Saturday, August 30, 2014

Fred Siegel on the Moral Bankruptcy of the War on Poverty

Re-posted by Nicholas Stix
 

Fred Siegel
The Poverty of Benevolence
Fifty years of the Great Society have made things worse for blacks, not better.
2 July 2014
City Journal
 

Please Stop Helping Us: How Liberals Make it Harder for Blacks to Succeed, by Jason Riley (Encounter Books, 205 pp., $23.99)

A half-century ago, the Great Society promised to complete the civil rights revolution by pulling African-Americans into the middle class. Today, a substantial black middle class exists, but its primary function has been, ironically, to provide custodial care to a black underclass—one ever more deeply mired in the pathologies of subsidized poverty. In Please Stop Helping Us: How Liberals Make it Harder for Blacks to Succeed, Jason Riley, an editorial writer for the Wall Street Journal who grew up in Buffalo, New York, explains how poverty programs have succeeded politically by failing socially. “Today,” writes Riley, “more than 70 percent of black children are born to unwed mothers. Only 16 percent of black households are married couples with children, the lowest of any racial group in the United States.” Riley attributes the breakdown of the black family to the perverse effects of government social programs, which have created what journalist William Tucker calls “state polygamy.” As depicted in an idyllic 2012 Obama campaign cartoon, “The Life of Julia,” a lifelong relationship with the state offers the sustenance usually provided by two parents in most middle-class families.
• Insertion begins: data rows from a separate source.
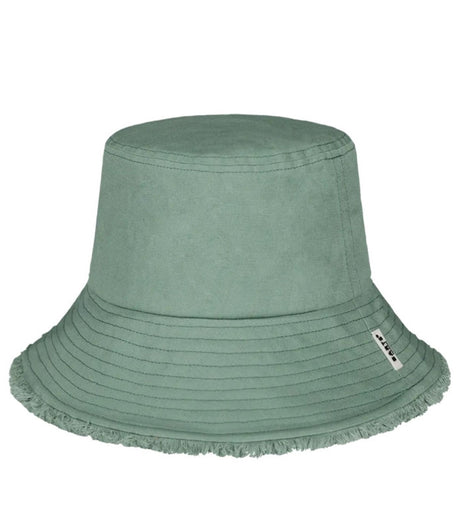 Sombrero huahina celadon barts amsterdam 1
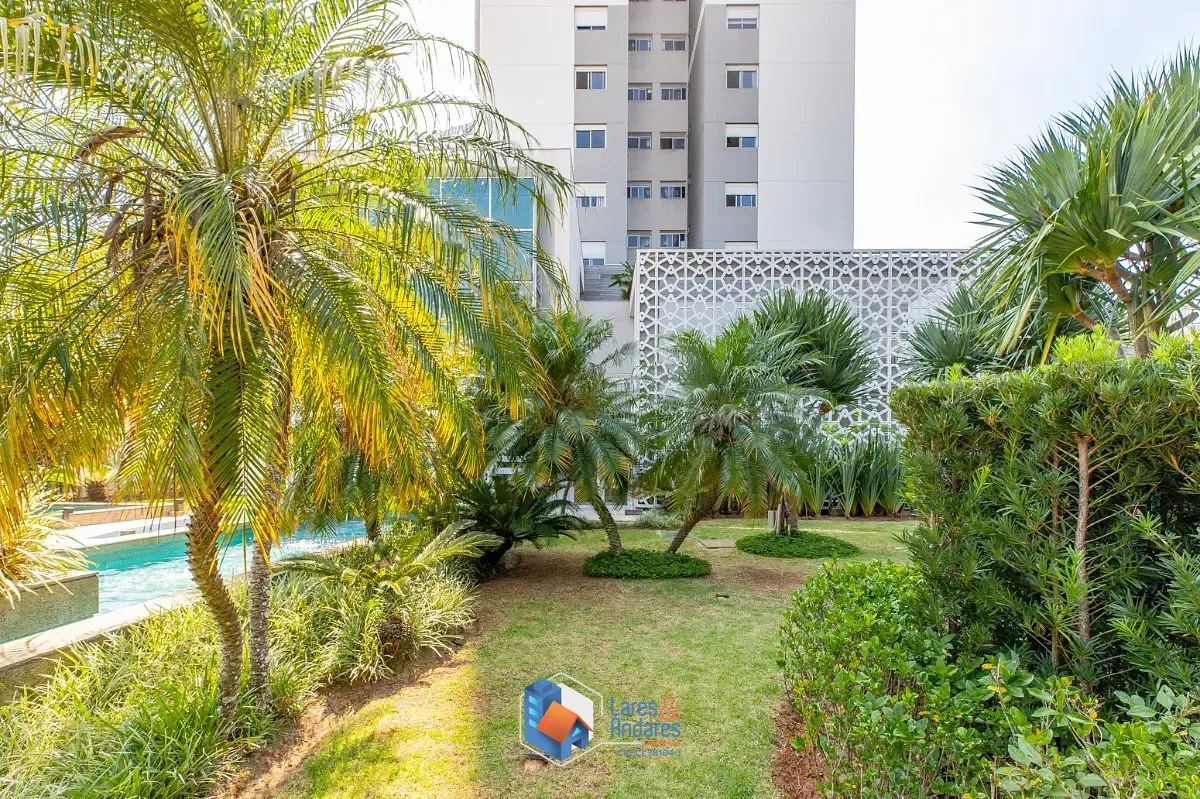 Apartamento, 2 quartos, 92 m² - Foto 45
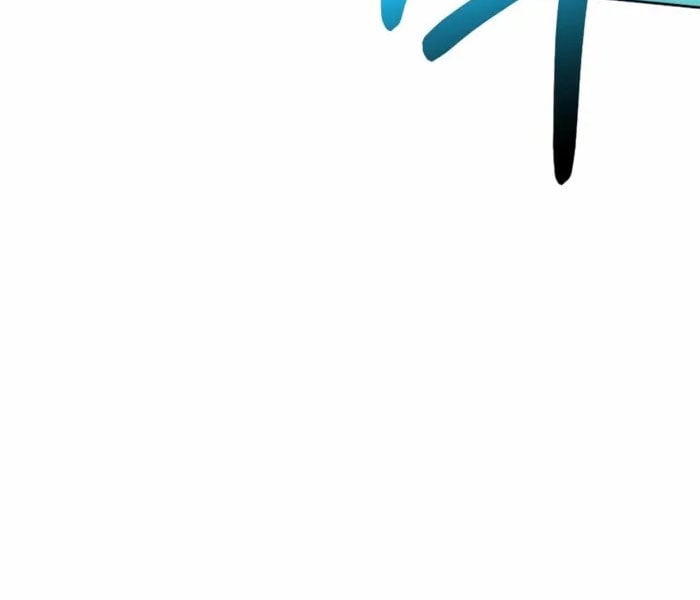 Sự Chuyển Sinh Vào Võ Lâm Thế Gia Của Ranker Chap 134 - Next Chap 135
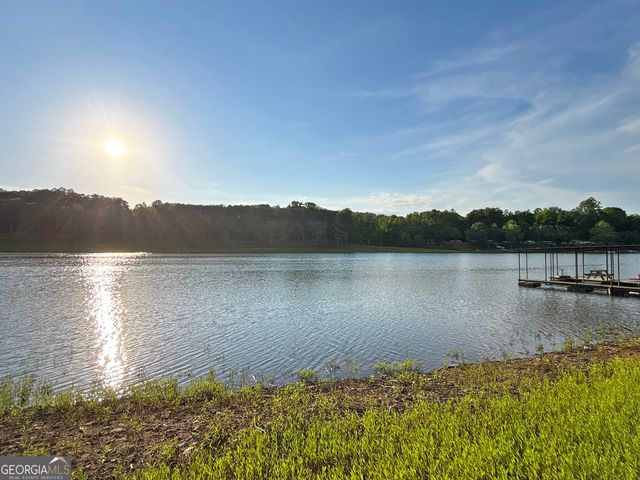 LOT 5 Walnut Rd, Blairsville, GA 30512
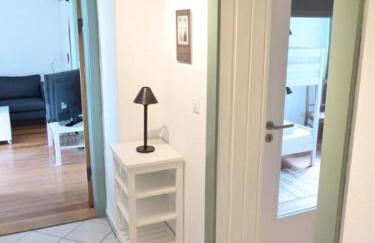 Schwanenhof (EG) - Foto 11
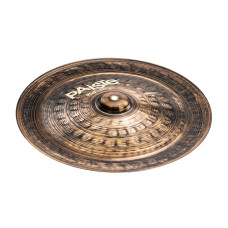 0001902614 900 Series China Тарелка 14", Paiste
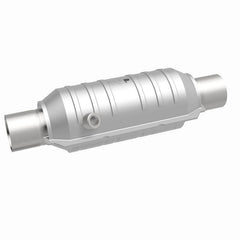 MAG Universal Converter - Black Patch Performance - MAGN52325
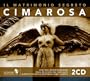 Il Matrimonio Segreto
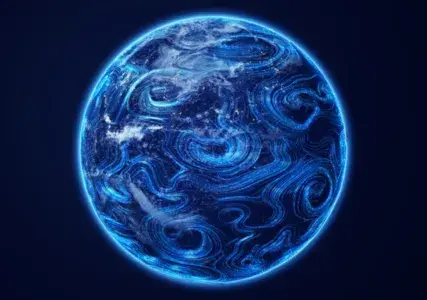 Lockton Marine Global War Maps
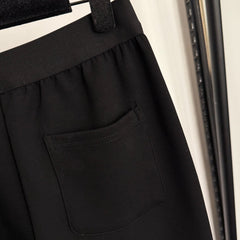 LOEWE PANTS STYLE 306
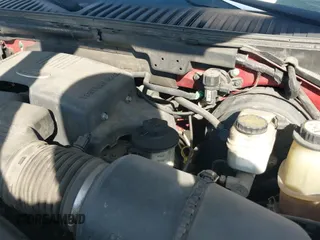 ✅ 2004 Ford Expedition Eddie Bauer • VIN: 1FMFU17L04LA90805 • Lot: 41610927. Wystawiony na IAAI z przebiegiem 245 847 mil. Bezpłatny archiwum sprzedaży aukcyjnych z USA i szczegółowy raport historii pojazdu na DreamBid. Zdjęcie 12.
Riley’s own life experience gives him powerful perspective from which to address these issues. His parents divorced but both remained attentive to him and his two sisters. His sisters, however, were drawn into the sex-and-drug pleasures of inner-city “culture.” By the time he graduated from high school, his older sister was a single mother. By the time he graduated from college, his younger sister had died from a drug overdose. Riley’s nine-year-old niece teased him for “acting white.” “Why you talk white, Uncle Jason?” she wanted to know. She couldn’t understand why he was “trying to sound so smart.” His black public school teacher similarly mocked his standard English in front of the class. “The reality was,” Riley explains, “that if you were a bookish black kid who placed shared sensibilities above skin color, you probably had a lot of white friends.”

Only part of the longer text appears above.